Throughout Arabia, Jews continued to oppose the Hanifiya to the best of their ability but in the end their tribes were crushed, the last major confrontation being at Khaybar, an oasis on the western plateau to the north of Yathrib noted for its vegetables, grains, silk garments, metal tools and instruments of war. Six clans allied by blood and religion lived in fortresses and surrounding villages, each with its own fields and plantations. Some of the plantations were enormous. One contained 40,000 palm trees, another 12,000. Because of lack of unity and collaboration between the clans, allowing the Hanifiya to conquer their separate strongholds one by one, they were defeated and became the Hanifs’ vassals. Many Jews remained in Arabia, but they ceased to count in Arabian politics and lost much of their wealth.

The Yathrib population, which previously was about 20,000, had been halved by the purge of the Jews, but grew again as converts and chancers arrived from Bedouin tribes.
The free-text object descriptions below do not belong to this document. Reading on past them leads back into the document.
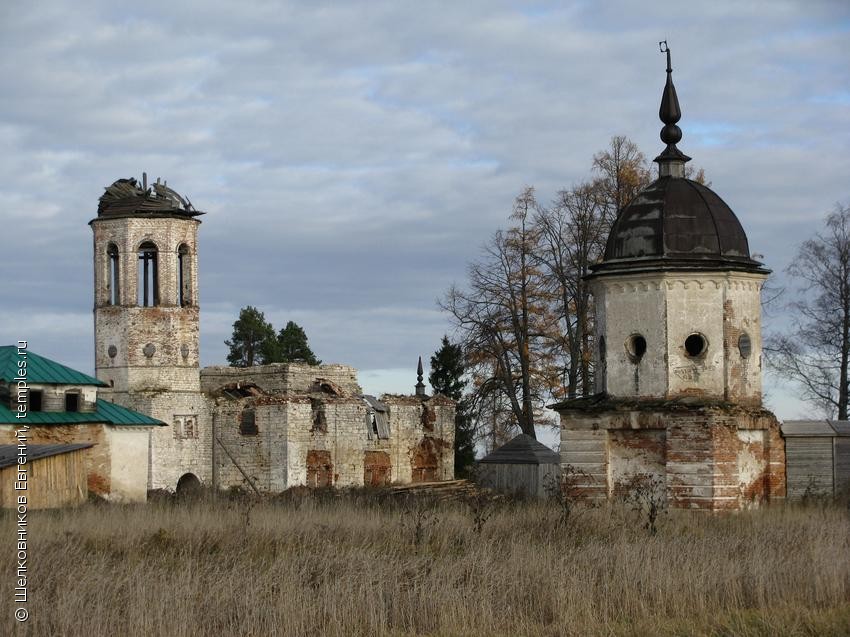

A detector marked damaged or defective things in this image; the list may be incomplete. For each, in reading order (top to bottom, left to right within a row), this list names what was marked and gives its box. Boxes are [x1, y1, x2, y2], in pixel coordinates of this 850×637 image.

rusty metal roof [592, 176, 764, 276]
rusty metal roof [0, 442, 93, 468]
rusty metal roof [476, 430, 556, 464]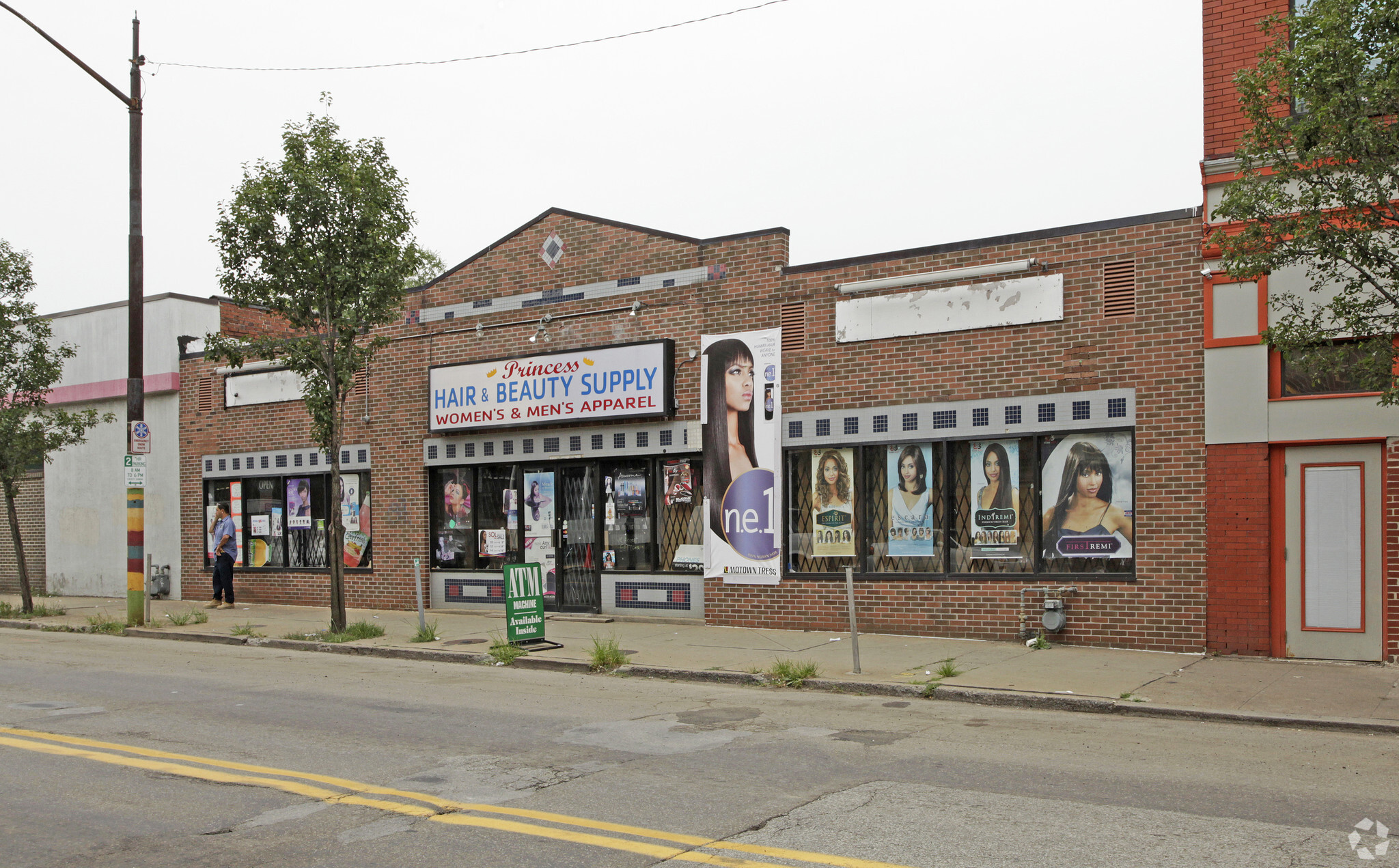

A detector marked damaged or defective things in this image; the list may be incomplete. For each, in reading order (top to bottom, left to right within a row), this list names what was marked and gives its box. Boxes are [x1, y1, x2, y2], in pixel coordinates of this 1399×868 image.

peeling painted sign board [828, 274, 1057, 342]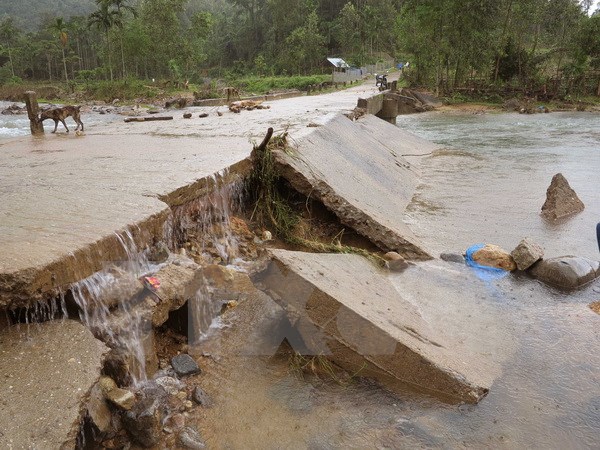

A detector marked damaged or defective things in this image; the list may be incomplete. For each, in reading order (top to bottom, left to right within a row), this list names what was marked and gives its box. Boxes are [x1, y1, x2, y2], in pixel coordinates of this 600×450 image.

broken concrete slab [276, 114, 436, 258]
broken concrete slab [0, 320, 106, 450]
broken concrete slab [253, 250, 492, 404]
broken concrete slab [528, 255, 600, 290]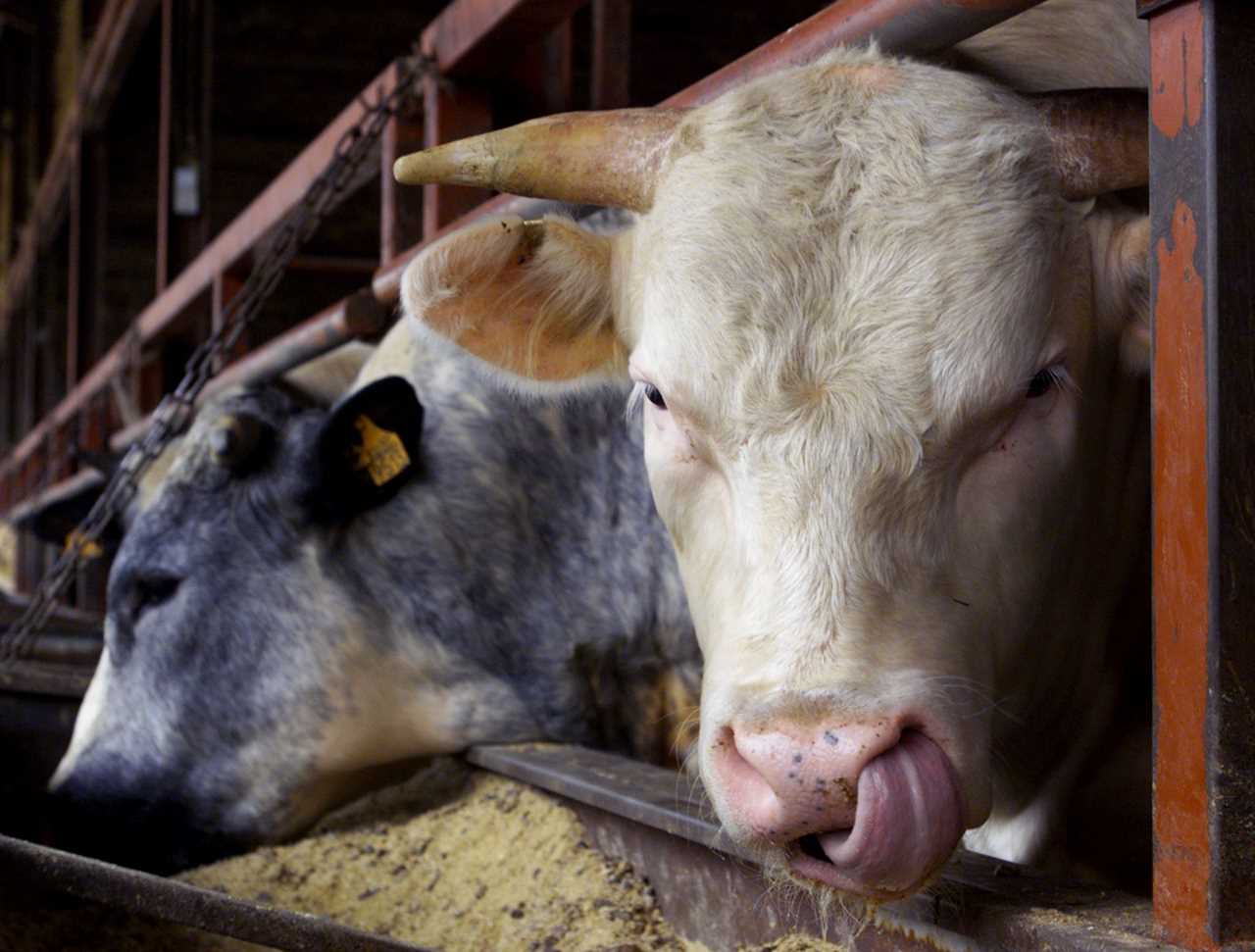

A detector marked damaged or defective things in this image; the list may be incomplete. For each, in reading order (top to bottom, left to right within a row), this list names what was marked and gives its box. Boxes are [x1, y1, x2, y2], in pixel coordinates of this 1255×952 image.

rusty metal bar [369, 0, 1049, 301]
rusty metal bar [1144, 1, 1255, 952]
rusty metal bar [0, 837, 436, 948]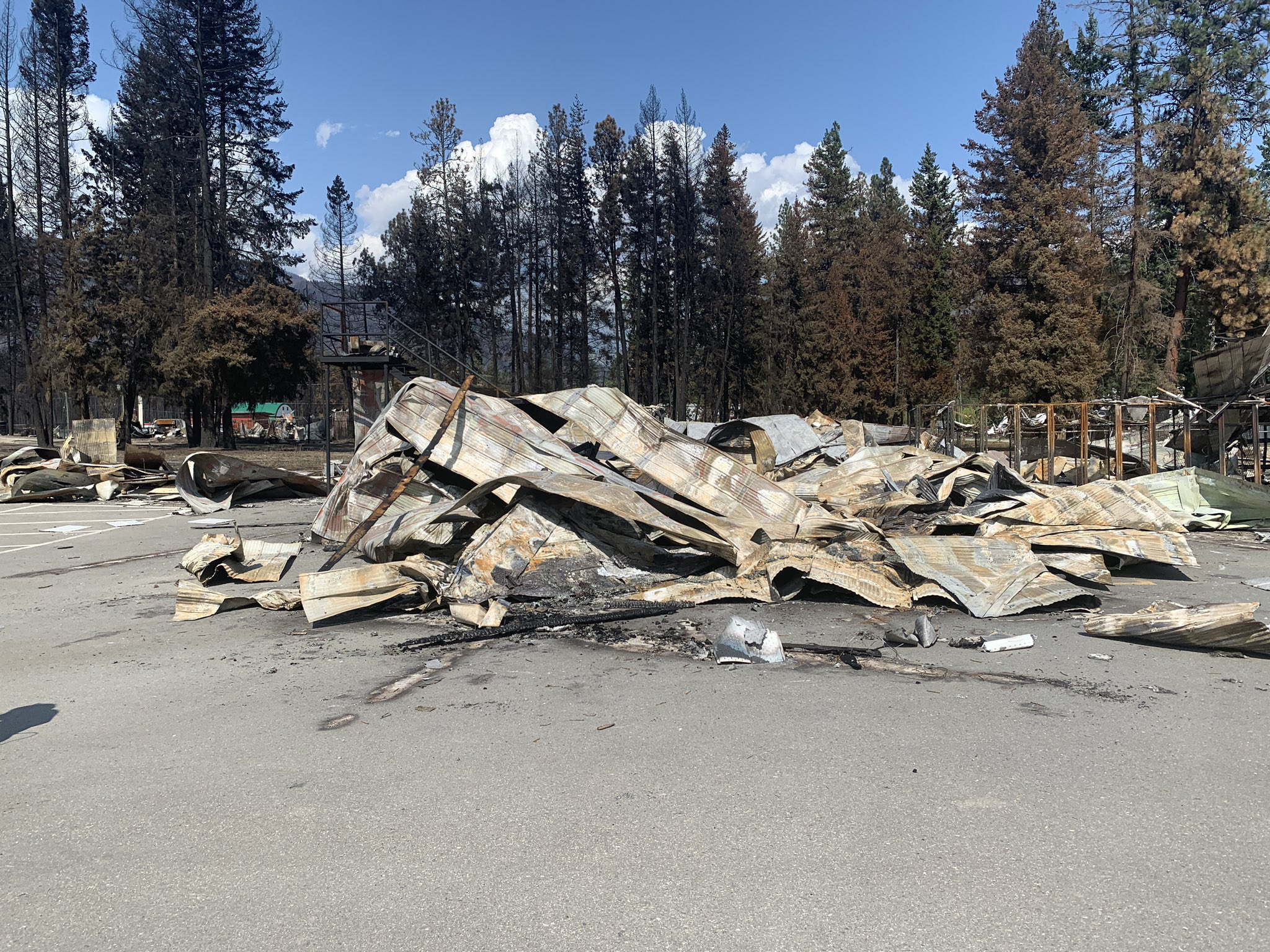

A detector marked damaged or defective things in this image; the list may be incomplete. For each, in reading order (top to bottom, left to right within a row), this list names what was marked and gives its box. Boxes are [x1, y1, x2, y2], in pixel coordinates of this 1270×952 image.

crumpled metal sheet [176, 452, 325, 515]
crumpled metal sheet [515, 383, 802, 525]
crumpled metal sheet [701, 416, 817, 472]
crumpled metal sheet [1127, 467, 1270, 531]
crumpled metal sheet [975, 522, 1194, 566]
crumpled metal sheet [889, 538, 1077, 619]
crumpled metal sheet [1081, 599, 1270, 654]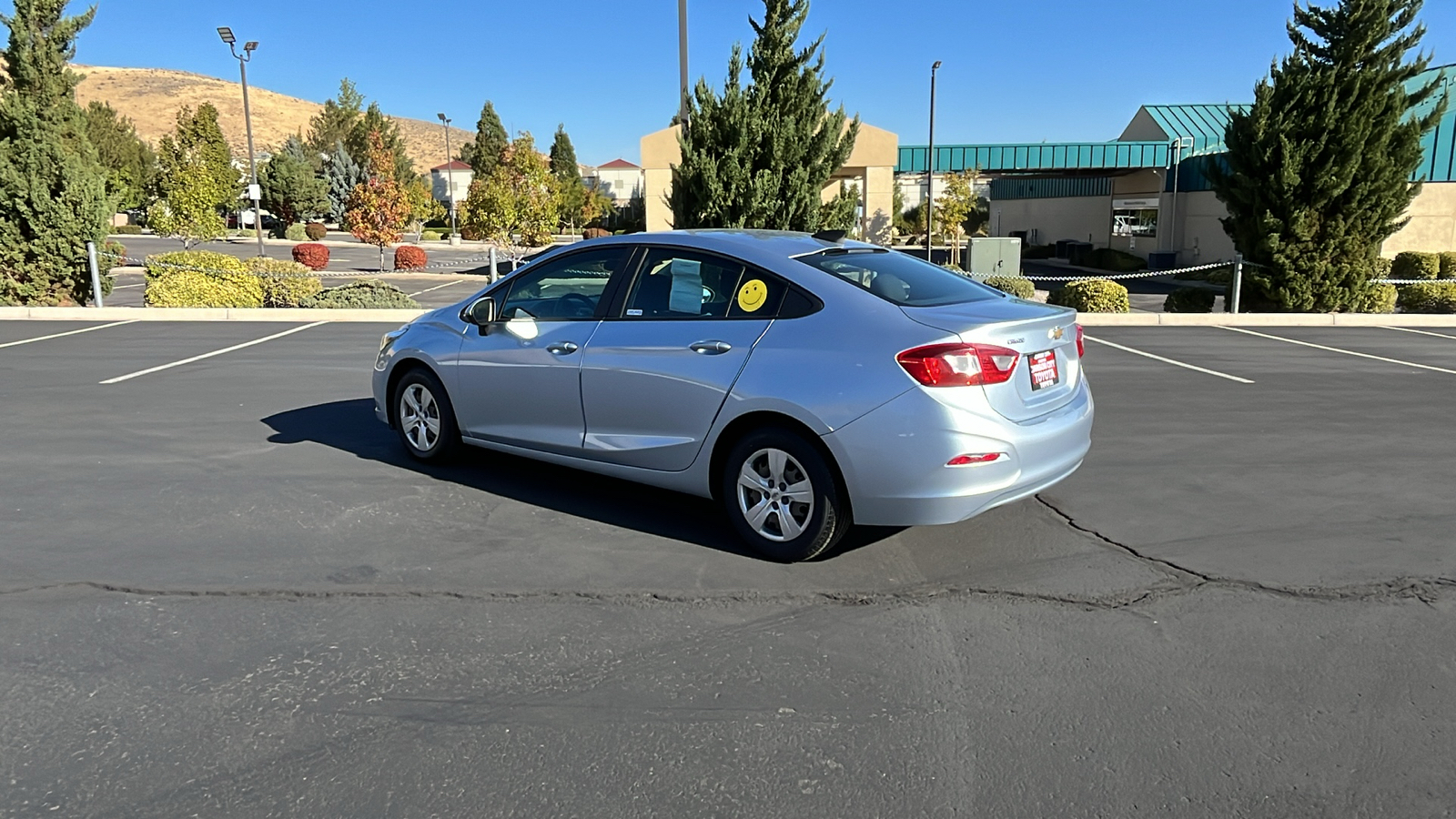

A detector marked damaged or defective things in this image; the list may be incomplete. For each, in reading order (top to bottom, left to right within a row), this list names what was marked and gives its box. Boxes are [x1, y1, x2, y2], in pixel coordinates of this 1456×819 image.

crack in pavement [1036, 490, 1456, 606]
Many Bedouin tribesmen were attracted by the prospect of booty, joining raids and campaigns in hopes of plunder. Historian Sir William Muir wrote in 1861 that the prospect of enrichment fanned a ‘zeal for active service’. And the service was indeed active. The need for loot kept raiding parties busy. According to al-Waqidi, one raid targeted a Bedouin clan that roamed the desert highlands sixty miles east of Yathrib and was known to possess numerous livestock. The raiding party of thirty men, led by a commander named Khalid ibn al-Walid, who had already acquired a reputation for bloodthirstiness, took a couple of days on horseback to reach their destination and position themselves for an attack. They stealthily surrounded the Bedouin camp on a clear moonlit night and attacked it in a cavalry charge at dawn, catching their victims wholly by surprise, sleepy and unprepared, and hacking to death all who ran out of their tents to defend themselves. The survivors fled, abandoning 150 camels, 3,000 goats and all their tents and personal belongings. The raiders grabbed everything that could be carried and herded the livestock back to Yathrib.

This was simple unashamed, unadorned banditry. Booty could also be had just by robbing highwaymen of their plunder. Once, hundreds of Hanifs fell without warning on a valley where bandits were grazing stolen livestock. Al-Waqidi wrote that the survivors of the attack ‘fled in every direction’.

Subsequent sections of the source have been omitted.